The malice and premeditation upon which the conviction was had, it is seen, is based alone upon the fact of the defendant's shooting an officer. It is not claimed, and indeed it could not be, that he was guilty of the offense found by the verdict of the jury, unless the prisoner had such knowledge. It was otherwise a justifiable act of self defense. The facts to prove such knowledge are, and are only, that the officer had on his cap and shield; but there is no evidence that the officer made himself known as such — none that he even demanded him to surrender, or that he told him he arrested him. How conspicuous these emblems of his office were, is not explained. To meet this only inference of knowledge by the prisoner (for if he had knowledge, it is only to be inferred from the fact the officer wore his tokens of office), it was shown to be a dark night. Then, in the absence of evidence that the prisoner personally knew the officer — in the absence of certain evidence of there being any light at the place, but with positive evidence to the contrary — with the almost certain evidence that the prisoner could not have distinguished him as an officer, even by daylight, on account of defective vision, the verdict of a jury, guilty of murder in the first degree, was indeed a strange and unaccountable verdict. I am clearly of opinion that it is against evidence.

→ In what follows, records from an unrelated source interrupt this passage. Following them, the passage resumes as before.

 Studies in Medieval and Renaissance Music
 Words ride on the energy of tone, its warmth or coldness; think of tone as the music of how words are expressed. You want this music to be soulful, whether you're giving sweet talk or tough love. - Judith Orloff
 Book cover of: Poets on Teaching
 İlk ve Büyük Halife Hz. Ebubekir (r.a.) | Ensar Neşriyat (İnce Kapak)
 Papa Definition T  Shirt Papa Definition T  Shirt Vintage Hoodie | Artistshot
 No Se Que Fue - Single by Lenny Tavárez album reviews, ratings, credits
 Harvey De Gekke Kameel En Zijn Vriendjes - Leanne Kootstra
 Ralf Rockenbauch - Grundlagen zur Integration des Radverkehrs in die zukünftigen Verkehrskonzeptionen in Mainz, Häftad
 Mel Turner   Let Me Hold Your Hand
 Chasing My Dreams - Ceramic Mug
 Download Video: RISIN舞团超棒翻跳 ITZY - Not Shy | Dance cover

On the trial, after the people had rested and the defendant had closed his evidence, the court allowed the prosecution, under objection by defendant, to offer new testimony. So far as the testimony was offered to rebut that offered by the defendant, I do not think it was error. Five witnesses were then called who severally testified, in substance, that they saw nothing of a row or a fight previous to the firing of *518 the first pistol by the prisoner. Although this amounts to comparatively nothing against the positive evidence to the contrary, it was offered doubtless for rebutting evidence by way of contradiction; but the sixth witness was called to prove an experiment made by him on Sunday evening preceding the trial, and how far he could see by the light of a lamp which was located at the corner of the streets where the homicide was committed, and how far the rays of light extended on that Sunday evening. This was objected to as not rebutting evidence and as irrelevant, and had before been objected to as not a proper line of examination. These objections were all overruled by the court and exception taken. Such a ruling by the court in the presence of a jury, was at least to them a legal intimation, that such evidence was material and proper, and that it was their duty to consider it. This ruling may have misled the jury; it doubtless did, and I think it was an erroneous ruling. First, because at that time there had been no reliable evidence that the lamp was lighted on the night of the homicide, but the contrary; Second, there was no proof of the difference in the shades or degrees of darkness between the night of the homicide and the night of the witness's experiment; Third, there was no evidence of the difference in the eyes of the witness, and the eyes of the prisoner, as to their focal point; and, Fourth, more than all, this was not rebutting evidence, but was evidence which the defendant could not be expected to meet at that stage of the trial.
For these reasons I am of opinion that the judgment of the General Term and the conviction should be reversed.